▸ Task statement
Skip the pictures. Output only the lines below starting at the line with "Holiday Apartments Cecilija" and ending at the line with "Fotografia przedstawiająca Krem", both ends included, exactly as they are.
== Information provided ==
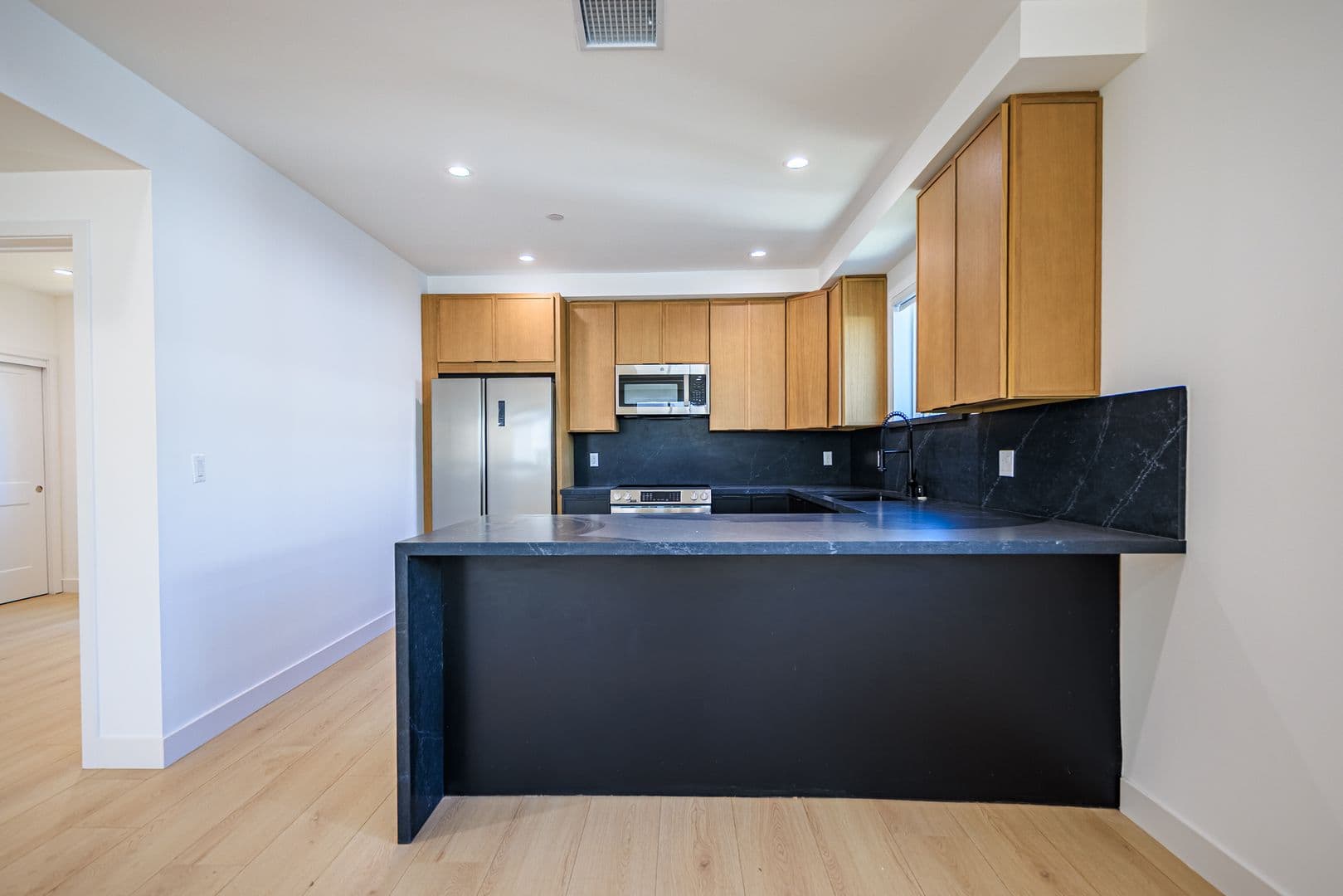 Los Angeles Apartment: 1021 S. Citrus Ave.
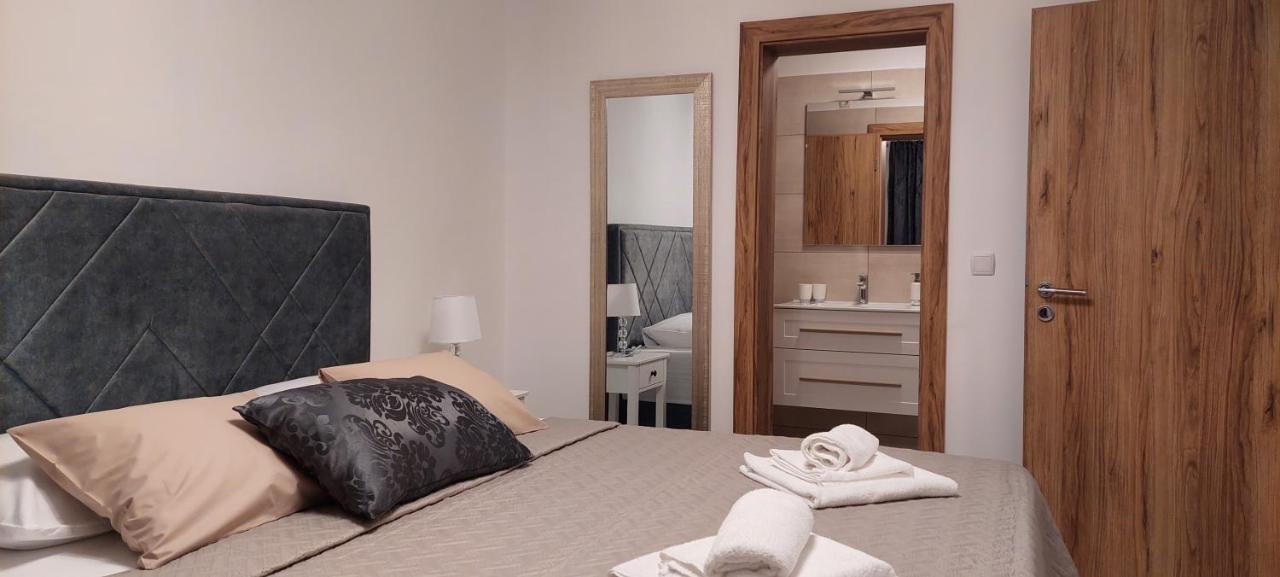 Holiday Apartments Cecilija Supetarska Draga Εξωτερικό φωτογραφία
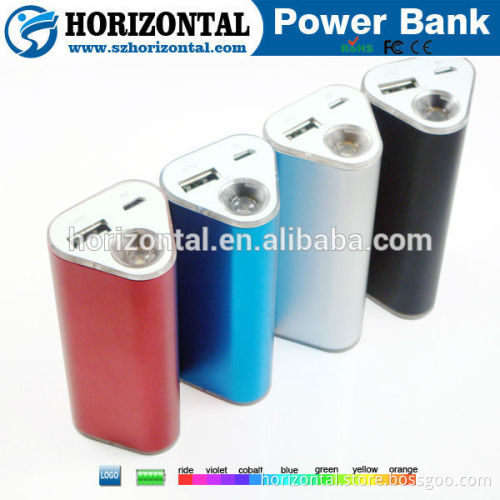 Hot Selling Cheap Mobile Power Bank 2600mAh Power Bank With Led Flashlight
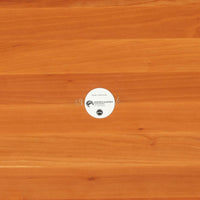 ブロードレネ・アンダーセンによる円形ダイニングテーブルで、チェリー無垢材を贅沢に用いた北欧ビンテージらしい上質な佇まいが魅力です。直径110cmのラウンド天板は、縁にやわらかな丸みを持たせた丁寧な仕上げで、脚部とのバランスも美しく、食卓を穏やかな雰囲気に整えます。無垢材ならではの滑らかな手触りと、経年により深みを増した色合いが特徴で、家族の団らんはもちろん、来客時にも自然と人が集まる一台です。北欧家具らしい実用性と職人技が感じられる、長く付き合えるダイニングテーブルです。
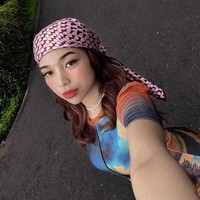Putri Anjani belakangan berhasil mencuri atensi usai kemunculannya sebagai bintang tamu di acara FYP TRANS7. Ketika menjadi bintang tamu Putri mengungkapkan bahwa banyak yang menyebutnya memiliki kemiripan dengan Nikita Willy dan Rossa. Foto: Instagram/@anjanyjrw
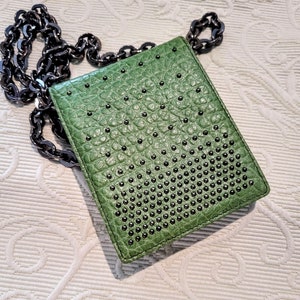 Lime Green Genuine Leathe Small Foldet Crossbody Wallet/Correa de cadena negra pesada y mini cuentas de metal Decoración/Convinien abd Handy/Gift Idea/145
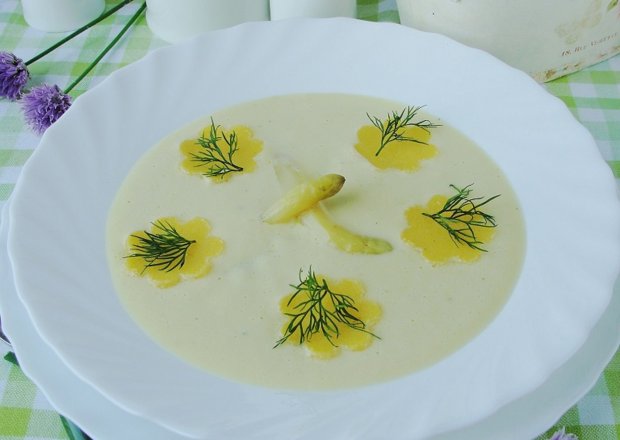 Fotografia przedstawiająca Krem z białych szparagów z kluskami kukurydzianymi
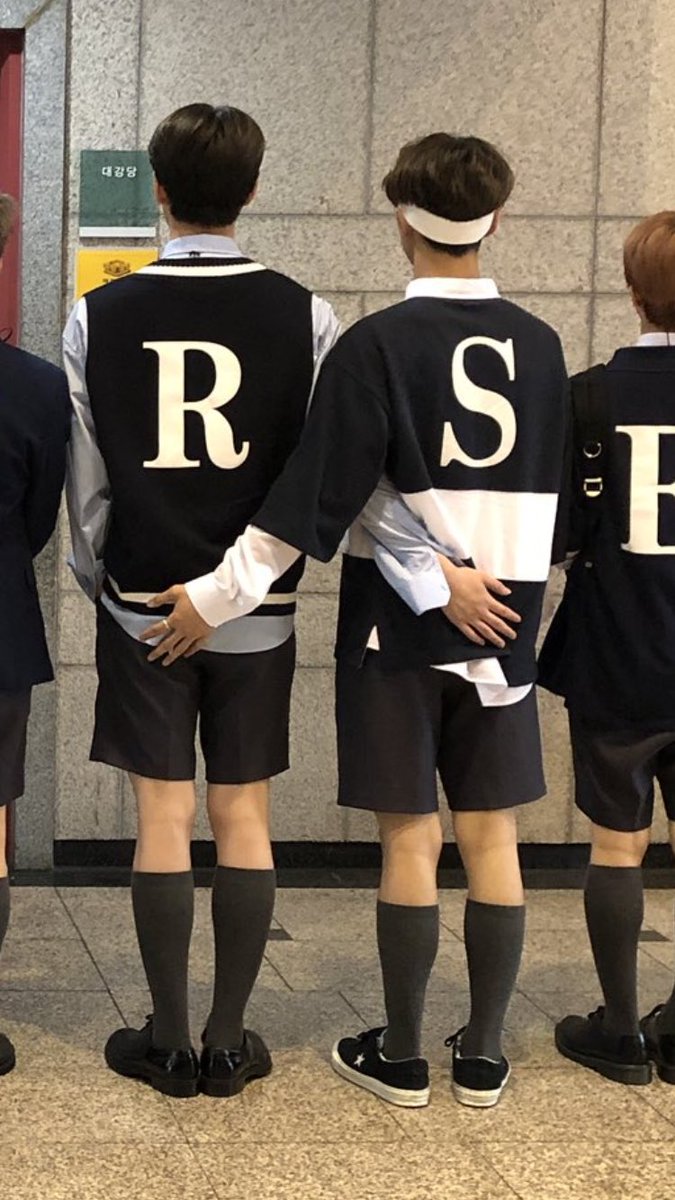 cursedpentagon's tweet photo. Don't you wish your girlfriend was a freak like me, uh, don't cha https://t.co/1VM8ztds7N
===
▸ Final answer
 Holiday Apartments Cecilija Supetarska Draga Εξωτερικό φωτογραφία
 Hot Selling Cheap Mobile Power Bank 2600mAh Power Bank With Led Flashlight
 ブロードレネ・アンダーセンによる円形ダイニングテーブルで、チェリー無垢材を贅沢に用いた北欧ビンテージらしい上質な佇まいが魅力です。直径110cmのラウンド天板は、縁にやわらかな丸みを持たせた丁寧な仕上げで、脚部とのバランスも美しく、食卓を穏やかな雰囲気に整えます。無垢材ならではの滑らかな手触りと、経年により深みを増した色合いが特徴で、家族の団らんはもちろん、来客時にも自然と人が集まる一台です。北欧家具らしい実用性と職人技が感じられる、長く付き合えるダイニングテーブルです。
Putri Anjani belakangan berhasil mencuri atensi usai kemunculannya sebagai bintang tamu di acara FYP TRANS7. Ketika menjadi bintang tamu Putri mengungkapkan bahwa banyak yang menyebutnya memiliki kemiripan dengan Nikita Willy dan Rossa. Foto: Instagram/@anjanyjrw
 Lime Green Genuine Leathe Small Foldet Crossbody Wallet/Correa de cadena negra pesada y mini cuentas de metal Decoración/Convinien abd Handy/Gift Idea/145
 Fotografia przedstawiająca Krem z białych szparagów z kluskami kukurydzianymi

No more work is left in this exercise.